-- INPUT follows --

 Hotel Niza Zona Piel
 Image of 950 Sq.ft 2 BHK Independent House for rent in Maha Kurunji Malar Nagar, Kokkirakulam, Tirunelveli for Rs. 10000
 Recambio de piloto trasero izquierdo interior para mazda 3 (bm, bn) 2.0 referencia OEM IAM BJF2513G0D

-- INPUT concluded --
-- INPUT follows --

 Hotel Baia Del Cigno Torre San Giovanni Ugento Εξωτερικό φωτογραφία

-- INPUT concluded --
-- INPUT follows --

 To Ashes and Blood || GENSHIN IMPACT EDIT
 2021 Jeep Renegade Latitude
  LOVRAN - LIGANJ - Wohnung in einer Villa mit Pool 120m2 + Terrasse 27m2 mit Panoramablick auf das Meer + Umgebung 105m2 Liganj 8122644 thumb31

-- INPUT concluded --

All that should be written out is the stretch of lines above between the one holding "Hotel Niza Zona Piel" and the one holding "Recambio de piloto", inclusive, exactly as given.

 Hotel Niza Zona Piel
 Image of 950 Sq.ft 2 BHK Independent House for rent in Maha Kurunji Malar Nagar, Kokkirakulam, Tirunelveli for Rs. 10000
 Recambio de piloto trasero izquierdo interior para mazda 3 (bm, bn) 2.0 referencia OEM IAM BJF2513G0D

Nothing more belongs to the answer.